• **PROBLEM TO SOLVE**
Start at the line with "Snake Gray and" and print every line through the end of the material below. Keep it exact and free of pictures.

• **THE INPUT**

######

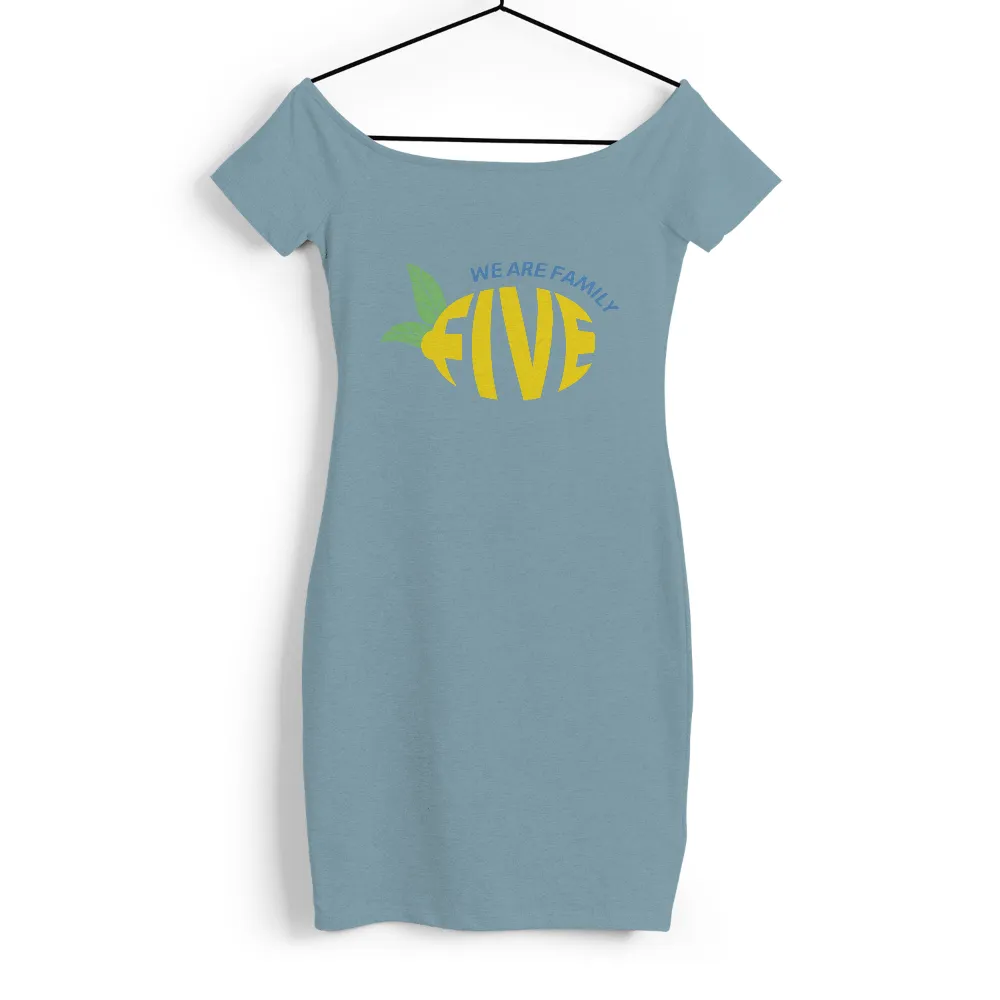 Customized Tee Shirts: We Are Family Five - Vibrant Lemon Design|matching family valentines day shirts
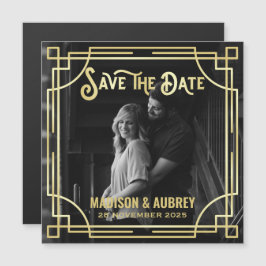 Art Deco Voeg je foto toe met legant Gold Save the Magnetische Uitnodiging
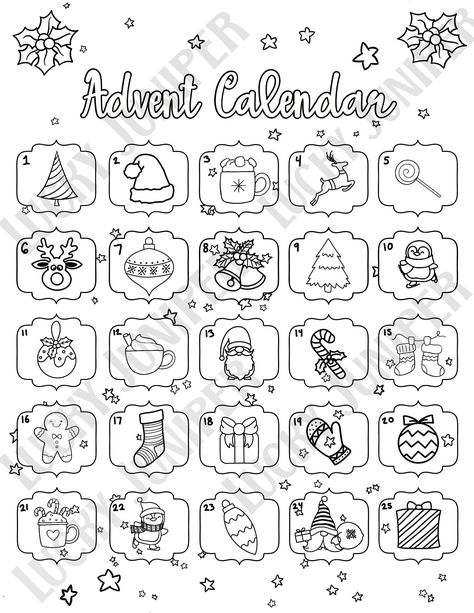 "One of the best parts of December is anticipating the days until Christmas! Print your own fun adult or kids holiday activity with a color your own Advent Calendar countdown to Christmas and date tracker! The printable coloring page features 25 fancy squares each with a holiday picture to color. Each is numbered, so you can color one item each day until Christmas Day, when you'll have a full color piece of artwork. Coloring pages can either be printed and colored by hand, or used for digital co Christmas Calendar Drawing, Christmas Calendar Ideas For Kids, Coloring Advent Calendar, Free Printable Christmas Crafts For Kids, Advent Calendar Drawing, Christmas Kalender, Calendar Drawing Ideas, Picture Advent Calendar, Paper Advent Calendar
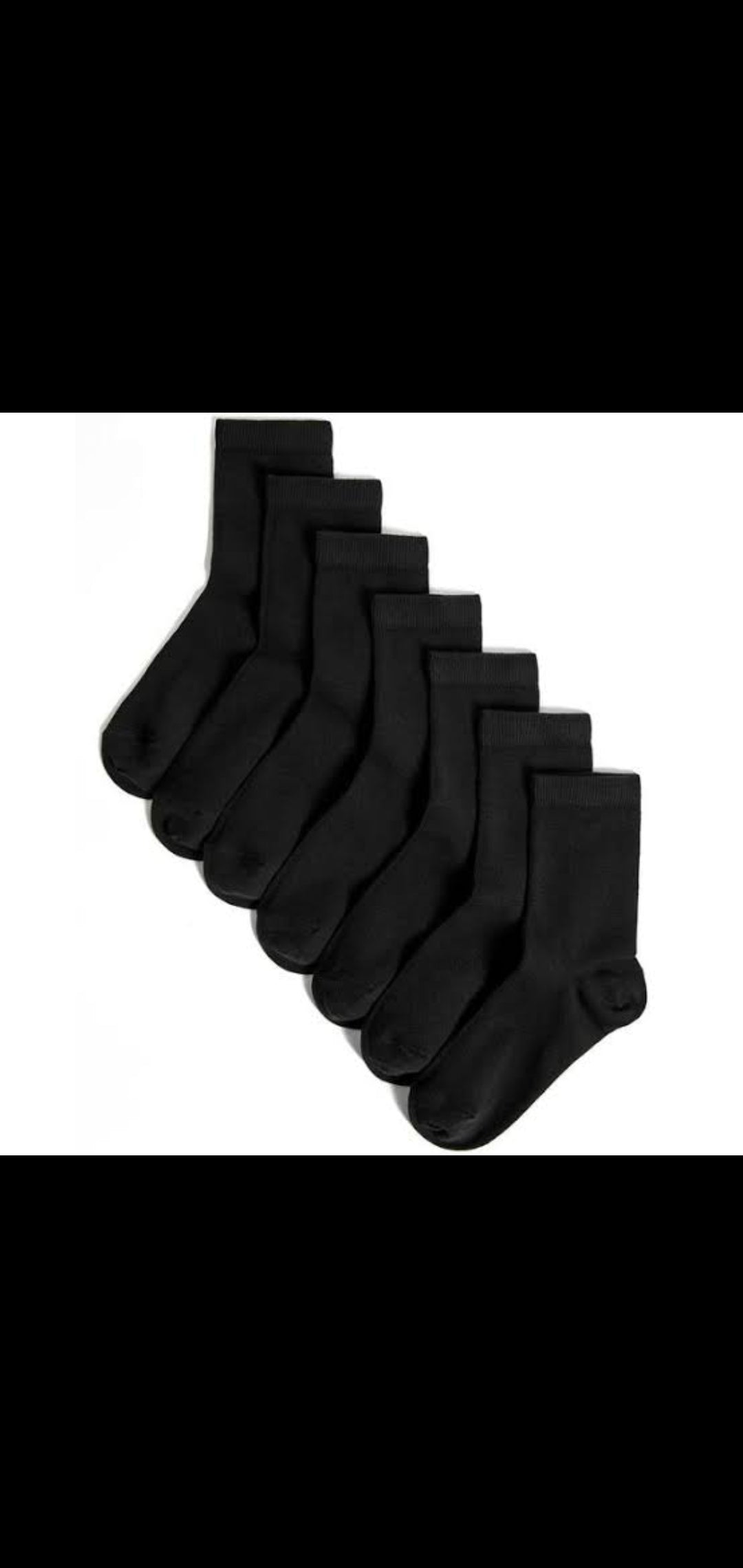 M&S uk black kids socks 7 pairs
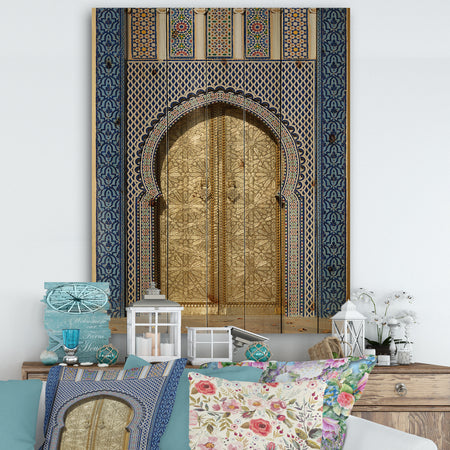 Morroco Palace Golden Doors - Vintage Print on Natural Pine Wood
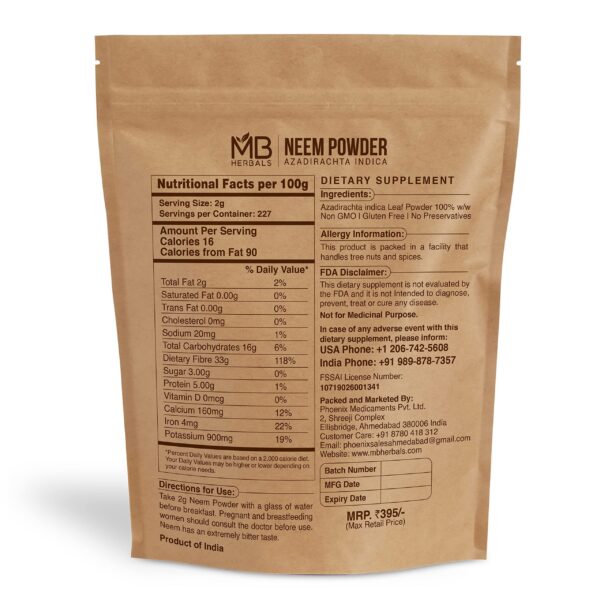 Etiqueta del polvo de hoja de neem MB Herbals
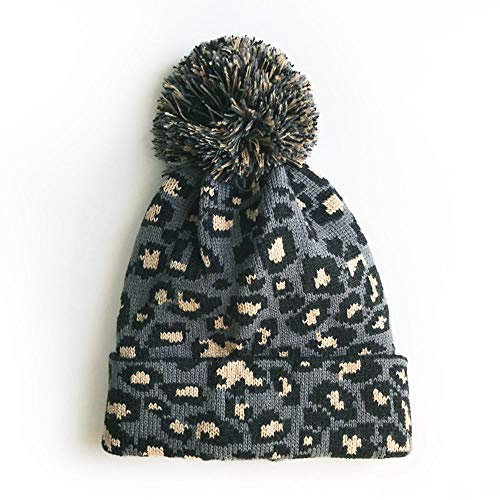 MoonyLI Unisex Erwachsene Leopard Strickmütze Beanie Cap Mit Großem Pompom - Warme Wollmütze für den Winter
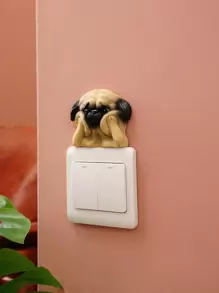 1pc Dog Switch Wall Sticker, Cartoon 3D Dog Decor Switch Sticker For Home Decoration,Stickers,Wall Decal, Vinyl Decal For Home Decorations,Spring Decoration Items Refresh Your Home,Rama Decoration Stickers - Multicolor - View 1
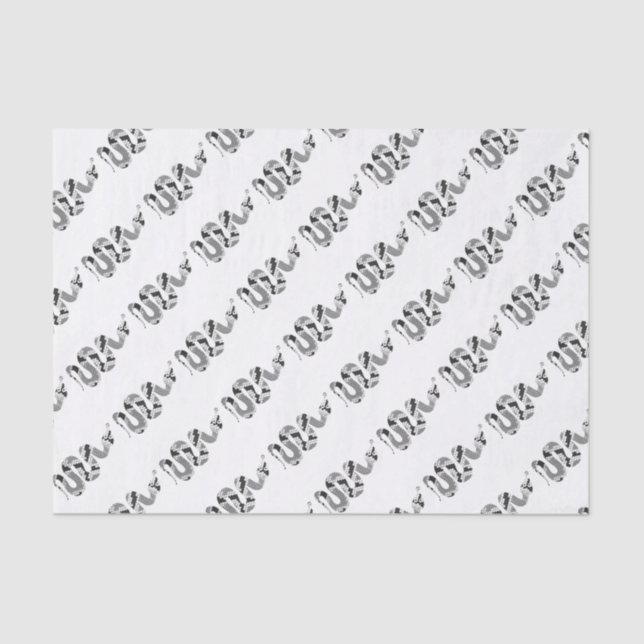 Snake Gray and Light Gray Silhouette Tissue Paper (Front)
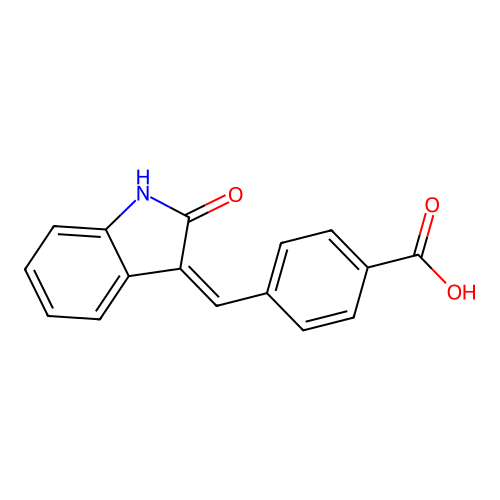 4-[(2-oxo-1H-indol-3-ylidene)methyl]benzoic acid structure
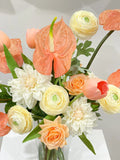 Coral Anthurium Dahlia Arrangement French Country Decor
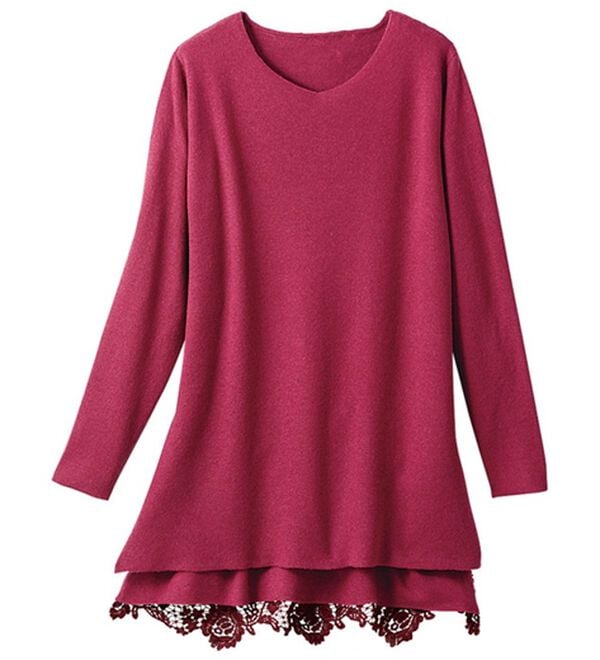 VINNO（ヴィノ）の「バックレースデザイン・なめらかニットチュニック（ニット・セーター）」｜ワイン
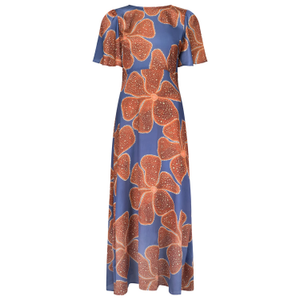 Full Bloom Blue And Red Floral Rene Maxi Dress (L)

######

• **EXERCISE SOLUTION**
 Snake Gray and Light Gray Silhouette Tissue Paper (Front)
 4-[(2-oxo-1H-indol-3-ylidene)methyl]benzoic acid structure
 Coral Anthurium Dahlia Arrangement French Country Decor
 VINNO（ヴィノ）の「バックレースデザイン・なめらかニットチュニック（ニット・セーター）」｜ワイン
 Full Bloom Blue And Red Floral Rene Maxi Dress (L)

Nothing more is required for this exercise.